A significant emphasis is placed on capital investment, with ₦26.08 trillion earmarked for infrastructure and other development projects aimed at boosting productivity and long-term economic resilience.
   
Recurrent non-debt expenditure is estimated at ₦15.25 trillion, while debt servicing will consume ₦15.52 trillion.

Consequently, the budget records a deficit of ₦23.85 trillion—equivalent to 4.28 per cent of Gross Domestic Product—highlighting both the scale of Nigeria’s development needs and the administration’s commitment to balancing fiscal sustainability with capital-led economic expansion.
 
The budget assumptions are based on a $64.85 per barrel oil benchmark, 1.84 million barrels per day production, and an exchange rate of ₦1,400/$.

Tinubu assured lawmakers that borrowing would remain disciplined and tied strictly to projects that deliver measurable public value. The president directed the Minister of Finance, Budget Office, Accountant-General, and heads of Government-Owned Enterprises (GOEs) to enforce strict budget discipline, warning that Nigeria “can no longer afford leakages, inefficiencies, or underperformance.”

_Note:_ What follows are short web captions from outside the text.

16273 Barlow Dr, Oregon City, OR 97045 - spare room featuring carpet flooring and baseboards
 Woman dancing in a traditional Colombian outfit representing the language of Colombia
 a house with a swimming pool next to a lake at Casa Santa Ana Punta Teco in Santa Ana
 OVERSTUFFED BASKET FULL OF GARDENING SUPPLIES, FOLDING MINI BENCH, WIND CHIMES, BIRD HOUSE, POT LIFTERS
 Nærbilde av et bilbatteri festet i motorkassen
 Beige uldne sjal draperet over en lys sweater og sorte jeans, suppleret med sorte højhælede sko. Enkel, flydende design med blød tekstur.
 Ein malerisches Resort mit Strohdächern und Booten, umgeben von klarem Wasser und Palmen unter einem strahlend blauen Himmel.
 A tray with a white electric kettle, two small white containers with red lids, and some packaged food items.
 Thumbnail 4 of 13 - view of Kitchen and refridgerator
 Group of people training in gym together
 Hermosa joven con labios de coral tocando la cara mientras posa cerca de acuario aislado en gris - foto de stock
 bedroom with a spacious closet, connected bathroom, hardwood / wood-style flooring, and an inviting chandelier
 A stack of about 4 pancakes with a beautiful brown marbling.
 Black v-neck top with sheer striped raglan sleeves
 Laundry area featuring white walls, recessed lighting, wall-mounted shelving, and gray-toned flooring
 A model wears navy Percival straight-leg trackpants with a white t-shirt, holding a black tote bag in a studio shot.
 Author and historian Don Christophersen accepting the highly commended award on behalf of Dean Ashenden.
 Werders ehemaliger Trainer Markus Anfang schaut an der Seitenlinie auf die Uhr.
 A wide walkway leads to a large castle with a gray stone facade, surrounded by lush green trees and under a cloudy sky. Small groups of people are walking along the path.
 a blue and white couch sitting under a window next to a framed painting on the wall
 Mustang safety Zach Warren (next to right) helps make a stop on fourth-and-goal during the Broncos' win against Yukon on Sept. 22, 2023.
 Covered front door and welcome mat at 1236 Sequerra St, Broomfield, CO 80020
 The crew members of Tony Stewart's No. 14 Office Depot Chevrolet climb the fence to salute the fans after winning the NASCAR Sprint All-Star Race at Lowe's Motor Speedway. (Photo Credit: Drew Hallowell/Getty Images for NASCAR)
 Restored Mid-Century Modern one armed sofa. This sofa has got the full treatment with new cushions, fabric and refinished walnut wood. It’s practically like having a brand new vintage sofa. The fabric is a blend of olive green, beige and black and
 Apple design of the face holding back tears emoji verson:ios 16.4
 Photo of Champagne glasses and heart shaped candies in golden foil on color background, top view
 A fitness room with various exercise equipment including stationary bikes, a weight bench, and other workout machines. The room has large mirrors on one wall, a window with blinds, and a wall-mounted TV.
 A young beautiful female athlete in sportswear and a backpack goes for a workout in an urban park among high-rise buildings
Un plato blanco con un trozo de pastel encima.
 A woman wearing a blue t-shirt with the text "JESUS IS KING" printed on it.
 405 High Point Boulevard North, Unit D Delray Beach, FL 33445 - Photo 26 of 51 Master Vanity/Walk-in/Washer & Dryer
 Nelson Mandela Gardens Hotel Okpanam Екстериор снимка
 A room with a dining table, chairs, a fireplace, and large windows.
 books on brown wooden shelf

He announced full digitisation of revenue mobilisation, including automated collections, real-time monitoring, and performance dashboards, with revenue targets tied directly to leadership evaluations.

Security received one of the largest allocations at ₦5.41 trillion, Education received ₦3.52 trillion, while ₦2.48 trillion was allocated to health. Tinubu highlighted the Nigerian Education Loan Fund, which he said has supported over 418,000 students across 229 tertiary institutions. Infrastructure received ₦3.56 trillion, with emphasis on transport, energy, ports, agriculture, and food security.